* [TASK MATERIAL]:
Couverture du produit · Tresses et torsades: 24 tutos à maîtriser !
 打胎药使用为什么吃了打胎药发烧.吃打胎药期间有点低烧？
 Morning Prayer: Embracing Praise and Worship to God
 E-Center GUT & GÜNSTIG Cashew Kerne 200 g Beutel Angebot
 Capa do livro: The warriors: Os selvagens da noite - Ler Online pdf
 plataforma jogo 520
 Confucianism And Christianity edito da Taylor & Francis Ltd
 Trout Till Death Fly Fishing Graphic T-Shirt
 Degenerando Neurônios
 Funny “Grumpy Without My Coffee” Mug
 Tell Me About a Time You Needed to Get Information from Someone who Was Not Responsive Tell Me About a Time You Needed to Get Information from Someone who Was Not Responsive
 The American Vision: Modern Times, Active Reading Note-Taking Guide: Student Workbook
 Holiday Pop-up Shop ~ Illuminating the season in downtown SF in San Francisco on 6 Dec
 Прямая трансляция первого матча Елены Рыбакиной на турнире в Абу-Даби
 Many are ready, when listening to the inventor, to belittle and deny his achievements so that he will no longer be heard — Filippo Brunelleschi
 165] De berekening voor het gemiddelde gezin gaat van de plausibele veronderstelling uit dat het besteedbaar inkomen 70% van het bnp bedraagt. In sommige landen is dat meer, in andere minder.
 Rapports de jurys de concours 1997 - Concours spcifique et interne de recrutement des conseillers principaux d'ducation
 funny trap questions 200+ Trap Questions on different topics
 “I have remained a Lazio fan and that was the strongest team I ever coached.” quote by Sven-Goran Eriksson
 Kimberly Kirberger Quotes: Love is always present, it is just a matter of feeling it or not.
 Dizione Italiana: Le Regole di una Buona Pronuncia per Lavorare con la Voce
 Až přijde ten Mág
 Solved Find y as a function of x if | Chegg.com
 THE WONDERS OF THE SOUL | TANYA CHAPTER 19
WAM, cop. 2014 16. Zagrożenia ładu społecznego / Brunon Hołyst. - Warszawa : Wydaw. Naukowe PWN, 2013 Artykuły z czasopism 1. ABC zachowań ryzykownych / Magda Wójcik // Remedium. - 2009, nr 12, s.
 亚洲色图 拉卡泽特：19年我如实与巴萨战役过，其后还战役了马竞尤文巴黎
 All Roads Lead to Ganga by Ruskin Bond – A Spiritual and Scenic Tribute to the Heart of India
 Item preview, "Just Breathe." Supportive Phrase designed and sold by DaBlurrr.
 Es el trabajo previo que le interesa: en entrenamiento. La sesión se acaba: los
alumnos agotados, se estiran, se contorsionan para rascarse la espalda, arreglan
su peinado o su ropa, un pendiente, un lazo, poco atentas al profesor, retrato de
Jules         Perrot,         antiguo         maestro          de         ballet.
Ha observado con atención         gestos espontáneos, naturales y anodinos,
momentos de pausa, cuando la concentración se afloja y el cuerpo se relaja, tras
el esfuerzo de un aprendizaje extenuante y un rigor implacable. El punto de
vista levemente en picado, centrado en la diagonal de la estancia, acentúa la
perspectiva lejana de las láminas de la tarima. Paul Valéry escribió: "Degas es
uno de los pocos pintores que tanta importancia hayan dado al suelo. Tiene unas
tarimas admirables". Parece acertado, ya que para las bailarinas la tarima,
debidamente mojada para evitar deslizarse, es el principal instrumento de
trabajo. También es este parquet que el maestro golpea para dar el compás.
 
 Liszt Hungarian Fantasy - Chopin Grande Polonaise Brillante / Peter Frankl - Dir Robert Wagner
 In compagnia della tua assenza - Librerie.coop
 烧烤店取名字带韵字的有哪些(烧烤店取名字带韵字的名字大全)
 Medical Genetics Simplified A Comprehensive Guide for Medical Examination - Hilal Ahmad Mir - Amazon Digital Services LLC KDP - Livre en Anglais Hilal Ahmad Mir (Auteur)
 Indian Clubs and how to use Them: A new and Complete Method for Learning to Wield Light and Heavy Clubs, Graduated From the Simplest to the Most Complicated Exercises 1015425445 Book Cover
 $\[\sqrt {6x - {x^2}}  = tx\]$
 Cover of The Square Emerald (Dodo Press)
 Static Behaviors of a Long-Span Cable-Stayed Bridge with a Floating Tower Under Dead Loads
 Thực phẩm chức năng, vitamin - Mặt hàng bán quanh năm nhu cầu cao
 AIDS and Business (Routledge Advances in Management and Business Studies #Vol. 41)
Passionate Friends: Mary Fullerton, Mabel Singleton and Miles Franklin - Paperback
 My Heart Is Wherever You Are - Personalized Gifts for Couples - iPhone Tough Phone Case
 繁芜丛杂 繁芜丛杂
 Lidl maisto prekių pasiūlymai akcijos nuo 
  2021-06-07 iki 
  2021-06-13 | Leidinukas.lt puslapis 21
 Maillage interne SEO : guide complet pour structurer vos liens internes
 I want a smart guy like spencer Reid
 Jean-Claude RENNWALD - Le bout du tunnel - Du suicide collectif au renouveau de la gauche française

* [TASK]:
In the entries above, the lines between the one holding "vista levemente en" and the one holding "2021-06-07 iki", inclusive, are to be printed exactly as written, and those alone.

* [ANSWER TO THIS PROBLEM]:
vista levemente en picado, centrado en la diagonal de la estancia, acentúa la
perspectiva lejana de las láminas de la tarima. Paul Valéry escribió: "Degas es
uno de los pocos pintores que tanta importancia hayan dado al suelo. Tiene unas
tarimas admirables". Parece acertado, ya que para las bailarinas la tarima,
debidamente mojada para evitar deslizarse, es el principal instrumento de
trabajo. También es este parquet que el maestro golpea para dar el compás.
 
 Liszt Hungarian Fantasy - Chopin Grande Polonaise Brillante / Peter Frankl - Dir Robert Wagner
 In compagnia della tua assenza - Librerie.coop
 烧烤店取名字带韵字的有哪些(烧烤店取名字带韵字的名字大全)
 Medical Genetics Simplified A Comprehensive Guide for Medical Examination - Hilal Ahmad Mir - Amazon Digital Services LLC KDP - Livre en Anglais Hilal Ahmad Mir (Auteur)
 Indian Clubs and how to use Them: A new and Complete Method for Learning to Wield Light and Heavy Clubs, Graduated From the Simplest to the Most Complicated Exercises 1015425445 Book Cover
 $\[\sqrt {6x - {x^2}}  = tx\]$
 Cover of The Square Emerald (Dodo Press)
 Static Behaviors of a Long-Span Cable-Stayed Bridge with a Floating Tower Under Dead Loads
 Thực phẩm chức năng, vitamin - Mặt hàng bán quanh năm nhu cầu cao
 AIDS and Business (Routledge Advances in Management and Business Studies #Vol. 41)
Passionate Friends: Mary Fullerton, Mabel Singleton and Miles Franklin - Paperback
 My Heart Is Wherever You Are - Personalized Gifts for Couples - iPhone Tough Phone Case
 繁芜丛杂 繁芜丛杂
 Lidl maisto prekių pasiūlymai akcijos nuo 
  2021-06-07 iki 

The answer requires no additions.